The Iranians have good reason to believe America's threat is a bluff and that they'll pay no penalty if they keep enriching uranium. They paid no penalty when they started enriching, after all. Too many members of the Security Council rely on Iranian oil and thus have too strong an interest in seeing the oil continue to flow.
If President Bush wants to avoid a collision, he should be doing all he can to show Iran he isn't bluffing. At the Council on Foreign Relations seminar, Kenneth Pollack, a former CIA analyst and author of The Persian Puzzle, an excellent history of U.S.-Iranian relations, argued that a ban on capital investment in Iran would be useful.
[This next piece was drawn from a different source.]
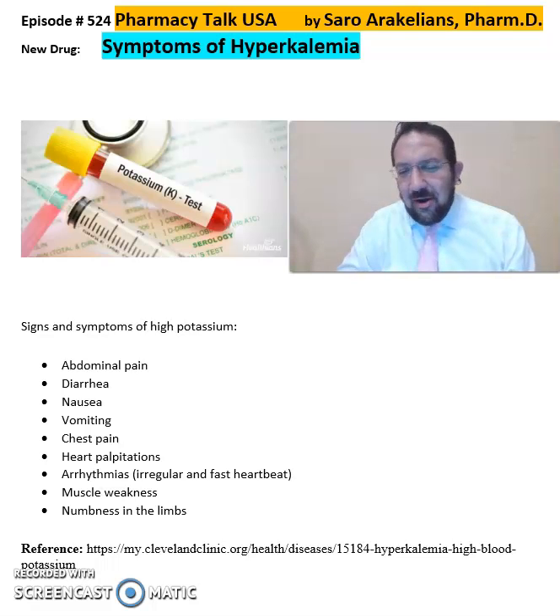Good afternoon, everyone. This is Saru, our academic year clinical pharmacist. Welcome to another episode of Pharmacy Talk USA. Make sure to subscribe to the channel to receive daily notifications on medications, news, and updates.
Iran's leaders seem genuinely fearful of economic sanctions (they came to the negotiating table last year only when Britain, France, and Germany seemed on the verge of imposing them); sanctions on investment are doubly threatening because they don't starve children (and therefore rally Western opposition to them on humanitarian grounds) and because Iran's economy is heavily dependent on foreign investment.
Investment sanctions would force Iran's ruling circles into a debate they'd rather avoid; they would have to ask themselves which they want more: a nuclear arsenal or a healthy economy? If the latter choice wins, not only would Iran's nuclear program be slowed down but the modernists within the government would be strengthened. If the former choice wins, at least we'll have a better picture of where we stand.
However, Pollack makes another argument: The Europeans (the biggest investors in Iran) aren't likely to sign on to sanctions unless the deal also gives Iran some rewards for making the right choice. There have to be not just sticks but also carrots—penalties from Europe if the Iranians keep enriching uranium and benefits from the United States if they stop.
The Bush administration has several goals when it comes to Iran: no nukes, no support of terrorists, and regime change. If Bush wants to avoid war, he may have to set priorities. If he concludes that the top priority is no nukes, he may have to set aside the other goals (which aren't likely to be satisfied soon anyway). More than that, he may have to offer Iran tangible security guarantees.
Christopher Hitchens has suggested in these pages that Bush go to Tehran, with a full package of inducements to join the world, in the same spirit that Nixon went to China. In the long run, this may have a better chance than military strikes of turning the country in the right direction.
It's unpleasant, but is there any choice? It's worth emphasizing that Iran does not have a nuclear weapon now, nor is it likely to for at least three years. A U.S. military attack would unleash a wider war—which might be acceptable if it snuffed out Iran's nuclear program, but by most estimates it would merely set the program back a few years. Meanwhile, it would only stiffen popular support for Iran's fundamentalist leadership and alienate the vast majority of Iran's population, which for now holds a favorable view of America.
Would a diplomatic initiative be productive? Maybe not. But a military strike might be completely counterproductive: It would probably impede, but not halt, Iran's nuclear program; it would enflame anti-American terrorism; and it would strengthen Iran's regime.